Subfreezing temperatures are expected to hit most of Texas on Thursday into Friday. North Texas could see single digits, Central Texas will see temps in the teens. Temperatures in much of the state are not expected to get back above freezing until Saturday.

For some people, this brings back unpleasant memories of the winter storm and resulting blackouts in February 2021. But the weather ahead differs from that storm in several key ways: Temperatures will be slightly warmer, no significant precipitation is forecast, and the extreme cold (for Texas) is not expected to last for days on end.

As of Monday afternoon, ERCOT, the power grid operator for much of the state, is forecasting peak electricity demand to come in just above 69,000 megawatts on Friday morning. One megawatt is roughly enough to power 200 homes in normal conditions. That level of demand is slightly higher than ERCOT's normal forecast scenarios for its peak winter demand, which were included in a seasonal outlook released last month.

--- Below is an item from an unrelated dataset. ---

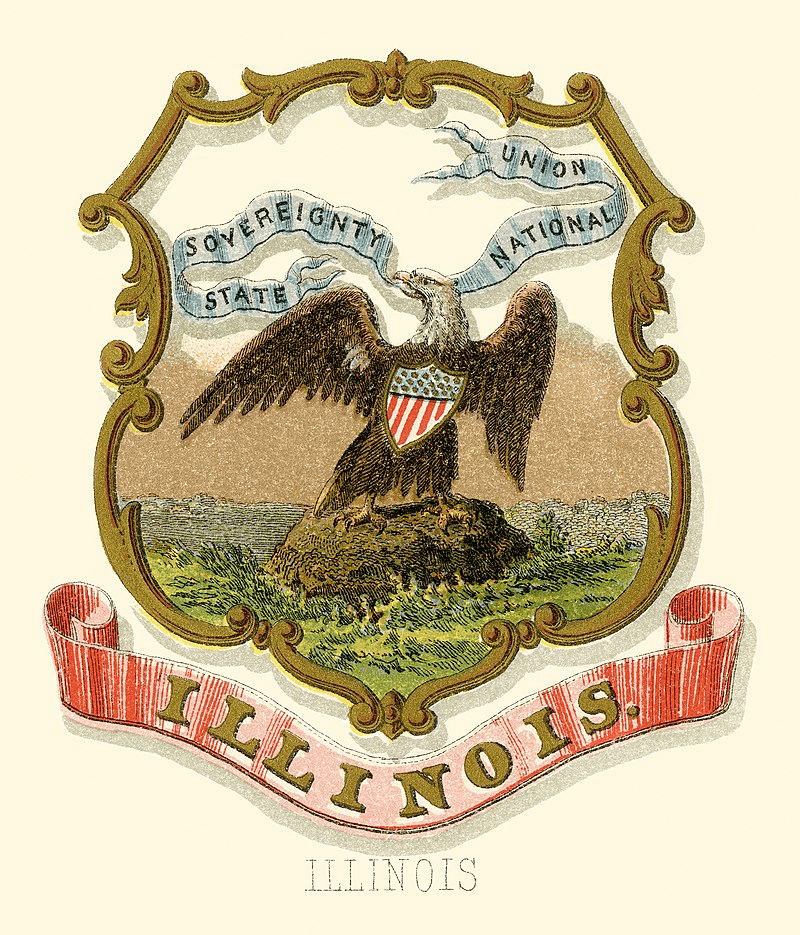 65th Illinois insignia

But that's significantly lower than demand during the height of the 2021 storm.

Of course, any of these factors could change.

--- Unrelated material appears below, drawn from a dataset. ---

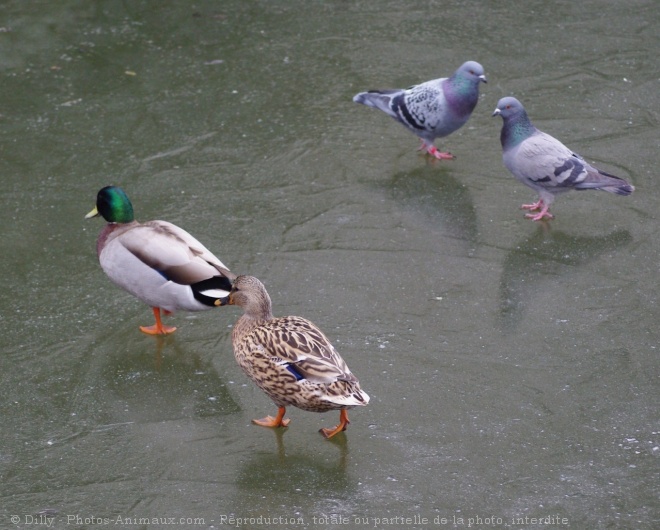 Photo de Races diffrentes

State regulators say they're confident that changes they've made to the grid — including new winterization requirements for power plants in the state — will ward off the kind of failures we saw during the blackout. But there has yet to be a real test of those changes.

“Providing Texans with a reliable electric grid is our highest priority. As we monitor weather conditions, we want to assure Texans that the grid is resilient and reliable,” ERCOT CEO Pablo Vegas said Friday. “We will keep the public informed as weather conditions change throughout the coming week.”

Independent grid watchers have also said grid problems are unlikely during this weather event.

Doug Lewin, who heads the energy consultant group Stoic Energy, tweeted Sunday that he didn't think there would be any "bulk grid problems."

But Lewin also pointed to the state's gas distribution system as a potential for trouble. Some of the power plant outages in the 2021 blackout were due to disruptions in fuel supply to natural gas power plants — caused by freezing gas equipment along the distribution route. The Railroad Commission of Texas, which regulates oil and gas in the state, recently passed weatherization standards for gas transmission, but any improvements have not been tested in an actual winter event.